TRY IT:
Find the line with "Glass scale with blue measuring tape on it." in the entries below. Repeat it, every following line, and the line with "A porcelain plate", exactly and with nothing added.

Extracted records:
+++

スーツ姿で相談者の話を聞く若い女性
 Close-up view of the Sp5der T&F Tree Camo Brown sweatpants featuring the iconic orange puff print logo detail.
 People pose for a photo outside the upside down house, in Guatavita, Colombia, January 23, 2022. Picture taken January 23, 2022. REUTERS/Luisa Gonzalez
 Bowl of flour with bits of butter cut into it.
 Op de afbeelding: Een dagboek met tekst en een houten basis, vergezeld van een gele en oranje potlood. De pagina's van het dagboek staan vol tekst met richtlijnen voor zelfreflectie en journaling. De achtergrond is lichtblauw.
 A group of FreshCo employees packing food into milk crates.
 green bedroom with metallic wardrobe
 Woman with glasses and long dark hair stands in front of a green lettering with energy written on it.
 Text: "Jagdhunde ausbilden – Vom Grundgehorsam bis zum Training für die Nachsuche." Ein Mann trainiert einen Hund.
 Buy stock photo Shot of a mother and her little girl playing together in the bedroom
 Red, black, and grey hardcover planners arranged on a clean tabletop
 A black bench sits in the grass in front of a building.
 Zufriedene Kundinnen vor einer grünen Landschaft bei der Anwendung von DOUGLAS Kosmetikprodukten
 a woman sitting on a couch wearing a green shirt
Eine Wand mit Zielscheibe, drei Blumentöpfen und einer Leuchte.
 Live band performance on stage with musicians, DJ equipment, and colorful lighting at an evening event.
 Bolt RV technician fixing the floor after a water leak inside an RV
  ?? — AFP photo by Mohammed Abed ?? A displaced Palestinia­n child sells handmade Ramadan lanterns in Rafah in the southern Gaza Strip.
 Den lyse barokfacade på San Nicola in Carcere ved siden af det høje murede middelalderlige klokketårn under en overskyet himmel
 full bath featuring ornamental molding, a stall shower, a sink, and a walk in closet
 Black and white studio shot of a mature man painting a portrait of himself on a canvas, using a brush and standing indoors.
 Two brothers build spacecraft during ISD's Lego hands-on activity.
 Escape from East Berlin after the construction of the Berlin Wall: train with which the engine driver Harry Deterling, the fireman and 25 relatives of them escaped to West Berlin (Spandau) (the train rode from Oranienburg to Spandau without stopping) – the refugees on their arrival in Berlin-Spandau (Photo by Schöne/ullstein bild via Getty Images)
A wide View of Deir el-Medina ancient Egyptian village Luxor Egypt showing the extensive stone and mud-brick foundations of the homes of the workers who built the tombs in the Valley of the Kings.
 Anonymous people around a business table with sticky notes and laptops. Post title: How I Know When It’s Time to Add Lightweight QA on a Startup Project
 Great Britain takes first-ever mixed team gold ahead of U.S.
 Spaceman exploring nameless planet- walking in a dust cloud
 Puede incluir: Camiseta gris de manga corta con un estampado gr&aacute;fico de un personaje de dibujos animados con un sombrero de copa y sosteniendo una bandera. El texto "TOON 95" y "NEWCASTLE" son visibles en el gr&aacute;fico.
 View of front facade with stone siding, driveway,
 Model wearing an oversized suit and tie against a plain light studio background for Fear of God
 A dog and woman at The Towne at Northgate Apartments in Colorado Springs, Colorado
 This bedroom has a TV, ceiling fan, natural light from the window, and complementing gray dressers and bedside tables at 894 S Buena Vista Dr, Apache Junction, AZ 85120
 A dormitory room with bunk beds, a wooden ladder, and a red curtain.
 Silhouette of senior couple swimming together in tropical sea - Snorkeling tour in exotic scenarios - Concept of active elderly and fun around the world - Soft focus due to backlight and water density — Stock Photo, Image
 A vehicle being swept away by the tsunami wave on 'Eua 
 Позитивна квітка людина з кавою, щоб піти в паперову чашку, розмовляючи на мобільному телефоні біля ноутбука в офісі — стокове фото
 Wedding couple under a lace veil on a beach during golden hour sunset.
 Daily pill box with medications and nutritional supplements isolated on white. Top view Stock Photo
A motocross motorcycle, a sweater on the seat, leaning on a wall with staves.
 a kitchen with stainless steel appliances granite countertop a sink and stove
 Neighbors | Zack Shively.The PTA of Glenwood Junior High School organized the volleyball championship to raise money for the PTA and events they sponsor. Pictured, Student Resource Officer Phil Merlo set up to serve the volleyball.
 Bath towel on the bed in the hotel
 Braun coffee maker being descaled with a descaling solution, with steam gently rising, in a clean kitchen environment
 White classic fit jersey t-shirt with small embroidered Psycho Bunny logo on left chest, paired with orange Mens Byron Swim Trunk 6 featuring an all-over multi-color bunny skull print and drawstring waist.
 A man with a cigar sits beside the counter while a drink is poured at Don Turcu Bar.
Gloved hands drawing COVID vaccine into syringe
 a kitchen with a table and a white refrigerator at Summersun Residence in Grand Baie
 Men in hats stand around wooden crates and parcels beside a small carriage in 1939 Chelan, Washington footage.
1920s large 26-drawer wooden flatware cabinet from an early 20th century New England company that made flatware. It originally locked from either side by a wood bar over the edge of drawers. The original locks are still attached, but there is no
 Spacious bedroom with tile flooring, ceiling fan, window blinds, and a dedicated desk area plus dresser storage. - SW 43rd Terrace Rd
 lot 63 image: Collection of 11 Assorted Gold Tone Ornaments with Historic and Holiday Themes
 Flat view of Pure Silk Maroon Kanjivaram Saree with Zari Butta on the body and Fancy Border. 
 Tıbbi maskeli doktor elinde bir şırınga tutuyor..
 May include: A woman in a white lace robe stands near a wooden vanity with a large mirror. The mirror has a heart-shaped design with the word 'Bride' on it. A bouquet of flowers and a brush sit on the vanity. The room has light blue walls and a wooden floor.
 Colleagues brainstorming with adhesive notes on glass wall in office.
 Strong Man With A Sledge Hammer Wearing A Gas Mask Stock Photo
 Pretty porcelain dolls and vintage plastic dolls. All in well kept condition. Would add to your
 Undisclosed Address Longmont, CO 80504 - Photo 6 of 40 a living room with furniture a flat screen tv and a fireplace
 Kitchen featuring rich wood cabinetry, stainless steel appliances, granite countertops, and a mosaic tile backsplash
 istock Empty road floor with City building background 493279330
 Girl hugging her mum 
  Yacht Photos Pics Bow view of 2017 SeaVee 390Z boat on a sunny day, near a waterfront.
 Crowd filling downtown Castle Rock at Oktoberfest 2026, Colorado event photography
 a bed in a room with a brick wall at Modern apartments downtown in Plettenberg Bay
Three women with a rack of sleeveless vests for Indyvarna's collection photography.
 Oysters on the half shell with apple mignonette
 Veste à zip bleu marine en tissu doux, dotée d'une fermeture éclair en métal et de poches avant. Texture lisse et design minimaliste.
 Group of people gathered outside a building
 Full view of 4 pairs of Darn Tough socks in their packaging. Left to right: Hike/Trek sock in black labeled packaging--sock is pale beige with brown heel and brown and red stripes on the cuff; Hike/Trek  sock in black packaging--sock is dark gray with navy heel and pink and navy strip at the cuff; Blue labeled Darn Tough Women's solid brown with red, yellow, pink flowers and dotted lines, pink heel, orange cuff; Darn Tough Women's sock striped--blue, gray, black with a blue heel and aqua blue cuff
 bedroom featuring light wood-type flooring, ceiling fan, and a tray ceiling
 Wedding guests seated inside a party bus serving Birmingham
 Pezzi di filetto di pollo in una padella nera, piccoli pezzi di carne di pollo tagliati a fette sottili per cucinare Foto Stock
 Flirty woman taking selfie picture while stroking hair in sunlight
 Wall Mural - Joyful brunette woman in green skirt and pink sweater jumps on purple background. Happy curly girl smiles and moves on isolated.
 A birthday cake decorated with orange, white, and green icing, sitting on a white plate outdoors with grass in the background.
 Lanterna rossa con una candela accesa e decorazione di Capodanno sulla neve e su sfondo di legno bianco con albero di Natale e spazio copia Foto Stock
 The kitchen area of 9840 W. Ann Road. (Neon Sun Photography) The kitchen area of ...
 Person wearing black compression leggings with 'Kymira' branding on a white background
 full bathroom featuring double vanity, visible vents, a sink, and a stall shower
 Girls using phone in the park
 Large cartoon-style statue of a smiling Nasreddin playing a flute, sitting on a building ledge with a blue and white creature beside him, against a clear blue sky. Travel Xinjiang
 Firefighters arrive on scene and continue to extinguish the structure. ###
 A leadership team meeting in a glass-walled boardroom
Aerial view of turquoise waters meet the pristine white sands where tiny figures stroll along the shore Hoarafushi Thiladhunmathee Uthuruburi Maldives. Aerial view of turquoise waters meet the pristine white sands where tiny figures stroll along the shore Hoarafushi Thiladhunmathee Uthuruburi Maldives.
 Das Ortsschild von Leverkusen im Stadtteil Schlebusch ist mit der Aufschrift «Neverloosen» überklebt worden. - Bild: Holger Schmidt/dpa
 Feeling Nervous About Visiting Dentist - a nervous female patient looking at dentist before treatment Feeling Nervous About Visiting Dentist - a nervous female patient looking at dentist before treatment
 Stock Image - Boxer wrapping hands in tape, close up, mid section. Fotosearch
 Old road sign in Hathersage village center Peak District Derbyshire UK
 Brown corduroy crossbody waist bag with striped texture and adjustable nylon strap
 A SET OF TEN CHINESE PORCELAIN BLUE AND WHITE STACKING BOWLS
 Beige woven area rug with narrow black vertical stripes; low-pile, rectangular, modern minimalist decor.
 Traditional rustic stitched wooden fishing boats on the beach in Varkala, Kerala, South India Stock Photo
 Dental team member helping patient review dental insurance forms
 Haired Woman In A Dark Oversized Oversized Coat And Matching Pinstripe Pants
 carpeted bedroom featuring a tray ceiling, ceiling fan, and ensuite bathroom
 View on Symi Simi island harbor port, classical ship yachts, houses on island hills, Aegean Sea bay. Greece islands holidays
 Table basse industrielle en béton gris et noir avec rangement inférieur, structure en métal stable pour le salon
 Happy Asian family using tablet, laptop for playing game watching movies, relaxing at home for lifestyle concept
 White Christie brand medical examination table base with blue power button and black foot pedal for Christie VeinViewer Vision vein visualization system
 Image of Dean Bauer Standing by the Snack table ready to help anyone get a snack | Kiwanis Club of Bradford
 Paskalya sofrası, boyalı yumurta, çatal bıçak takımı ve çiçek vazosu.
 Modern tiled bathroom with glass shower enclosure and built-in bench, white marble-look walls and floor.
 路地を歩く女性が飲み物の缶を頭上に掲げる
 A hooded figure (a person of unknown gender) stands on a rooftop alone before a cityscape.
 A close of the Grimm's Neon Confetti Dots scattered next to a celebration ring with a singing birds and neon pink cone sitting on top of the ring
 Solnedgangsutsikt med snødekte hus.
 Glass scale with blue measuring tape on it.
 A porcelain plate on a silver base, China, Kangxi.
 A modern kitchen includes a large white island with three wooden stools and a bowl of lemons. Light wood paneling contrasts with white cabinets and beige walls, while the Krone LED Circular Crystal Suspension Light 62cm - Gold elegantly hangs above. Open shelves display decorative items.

+++

RESULT FOR THIS EXERCISE:
 Glass scale with blue measuring tape on it.
 A porcelain plate on a silver base, China, Kangxi.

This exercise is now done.